Last week the family of actor Bruce Willis announced he was stepping away from the career he loved due to health issues.  The 67 year old star of the “Die Hard” franchise and a plethora of other action films too numerous to list here, had been diagnosed with aphasia, a cognitive disorder that  affects a person’s ability to speak, read, and write—basically, to comprehend and communicate.

Aphasia afflicts approximately 1,000,000 people in the United States and is often caused by strokes or other triggers such as brain tumors or infections and severe blows to the head—but it can also stem from dementia or Alzheimer’s.  The disease is progressive, meaning eventually Willis will be left unable to communicate or to understand language in any form.  In other words, he will be locked inside a body that still functions but with no cognitive ability.

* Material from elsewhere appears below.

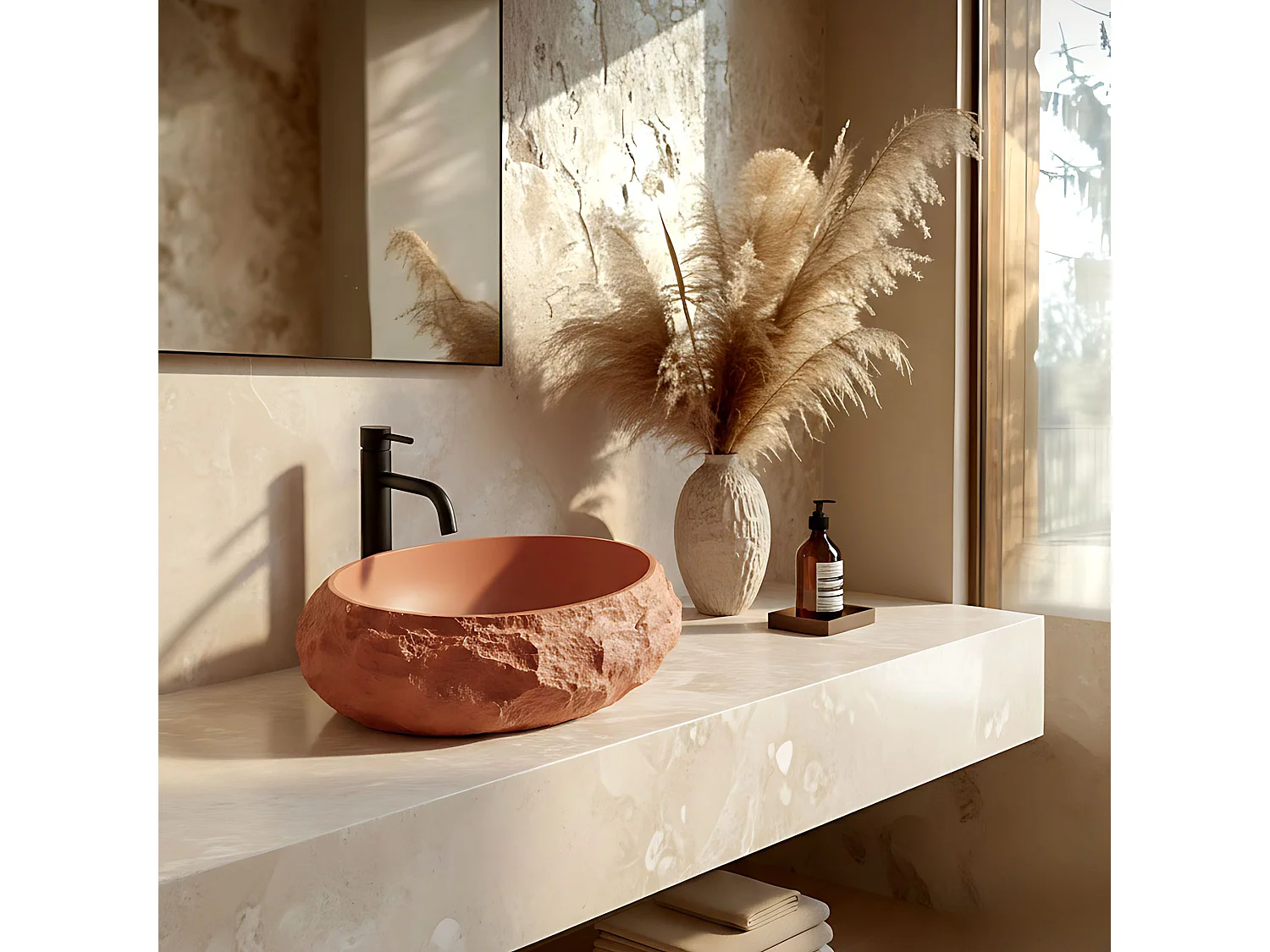 Vasque À Poser Rea Mika Orange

As with so many who suffer from such illnesses, Willis’s family, friends, and co-workers had begun to notice the changes years before the diagnosis.  Accommodations were made as he tried to continue acting . . . scripts were shortened . . . body doubles were used more frequently . . . and eventually directors began declining to work with him, not because of any hesitancy over his limitations but out of respect for the actor and a desire to protect his entertainment legacy.

Robin Williams’s family faced the same unknown for several years, but theirs came with a misdiagnosis, as is common with his illness.  Diffuse Lewy Body Dementia mimics other diseases such as Parkinson’s, a label erroneously attached to Williams’s condition in its early stages.  Lewy Body Dementia brings with it a whole list of symptoms including paranoia, hallucinations, confusion, and insomnia, all of which result in a blurring of the lines between fantasy and reality—and made it impossible for Williams to continue performing.  So great was the depression brought about by his illness and mental decline that he ultimately took his own life.  It was only in the results of his autopsy that the answers were found, because that is the only way to definitively diagnose Lewy Body Dementia—by autopsying the brain.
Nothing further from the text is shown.